The cache however seems to lose a lot of efficiency when we get to the (albeit unrealistic) 170Kb file full of comments, cutting throughput by 60%.
The "realistic" 12Kb .htaccess with IP restrictions is cutting throughput by 40%, close to the impact of the 17Kb file full of Options directives.
And the 170Kb of repeating Options directive (amounts to more than 8000 Options directives) is tanking performance by a huge 90%.

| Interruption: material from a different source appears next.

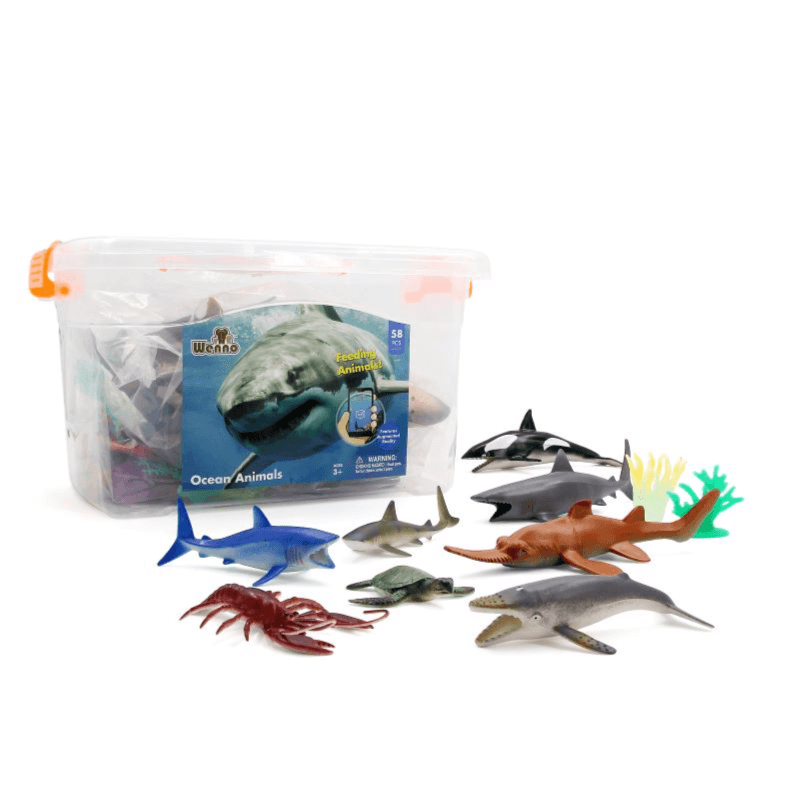 Wenno - Ocean Animals Playsets In Bucket - 58 Pcs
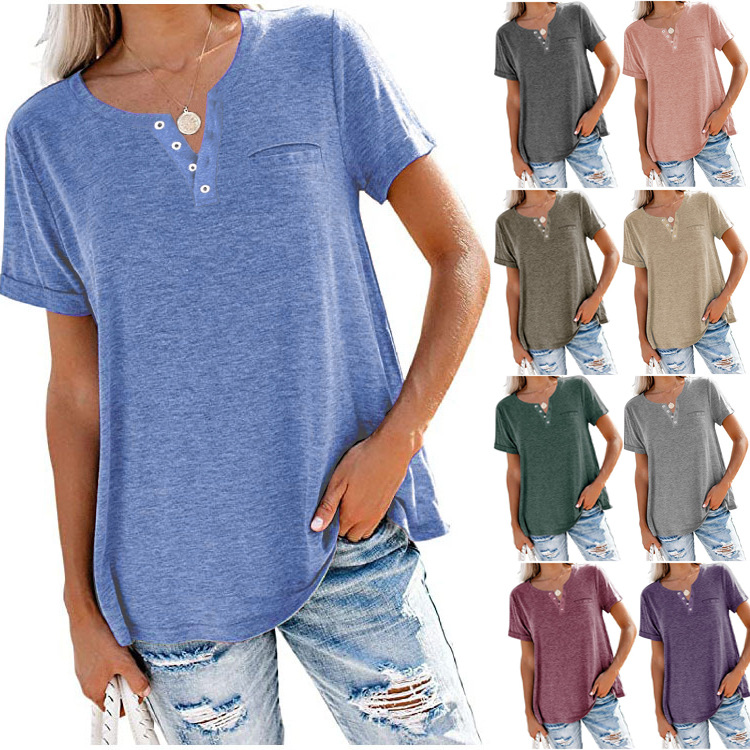 Amazon Independent Station Foreign Trade Europe and the United States Cross-border Spring and Summer New Top V-neck Short Sleeve Pocket Loose T-shirt Women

We're still much faster than the Wordpress test cases but at this point it looks like you can mount an easy somewhat hard to detect denial of service attack by putting in a gigantic .htaccess files with the most costly directives you can find (which may not be Options).
Directory hierarchy, .htaccess files at every level
These are somewhat unrealistic scenarios where we have .htaccess at every level of a directory structure and are requesting a document at a certain depth in it.
For instance:
https://host.local/1/2/3/4/5/6/file.html
We were curious as to how that works out since Apache has to look for .htaccess files at every level, load them, and apply them in order.
These results can't be directly compared with the static results from earlier because the requested file is smaller in this case.
The cases with "no htaccess" also mean that AllowOverride was set to None.
The same tests with AllowOverride set to All have the same throughput so we didn't include these results but it seems like the act of just looking for a file at every level doesn't have much if any impact.
The empty and single line .htaccess files had little impact as well, even at 12 directories deep. We're close to the max throughput for these cases and thus the variance is quite high.
This time around though, having to go through 6 17Kb files made entirely of comment lines is having a serious impact, which seems to increase linearly with the directory depth.
The unrealistic 170Kb htaccess files just destroy the throughput completely.
Same thing but on two different storage systems
We're running the same tests as above but comparing directly attached SSD storage (a best case scenario) to NFS.
The results are about the same, even though NFS is a much slower storage option.
As discussed before, it's probably due to the Linux read cache and possibly the NFS client's cache as well.
Directory hierarchy, comparing many VS a single .htaccess at the root
A more realistic scenario is being deep in a directory structure that only has one .htaccess file near or at the root of the host.
With the small single line files at every level we do see a difference approaching 10% compared to just having one file at the root.
Otherwise, the impact increases significantly when a .htaccess has to be read at every level.
Going 6 directories deep with the 17kb file made entirely of comments we're only about 9% slower than not having any .htaccess at all and we're still well into the many thousands of requests per second.
Interestingly, the tests on NFS storage were faster than directly attached SSDs which might be due to extra caching made by the NFS client though the variance was higher than usual with the NFS runs. We'd say the storage options yield about the same results.
Conclusion
It looks like a small, single .htaccess file has little impact on a static site but it does have an impact.
Does it justify using Nginx up front (ideally for all static content requests) and proxying to Apache when there is dynamic content such as PHP or the need of .htaccess overrides?
We'd say not really unless you serve a lot of static content on rather powerful hardware. Otherwise the difference will be minimal and you'll probably be bottlenecked by PHP anyway although it depends on how you use it (we just tested with Wordpress).
It also appeared that the performance of the storage has little to no impact for the tests we made, probably because Linux is caching the files anyway.
All of that being said, the recommendation to put any configuration override you wanted directly in the web server (or virtual host) config still stands strong. It's safer and yields the best performance.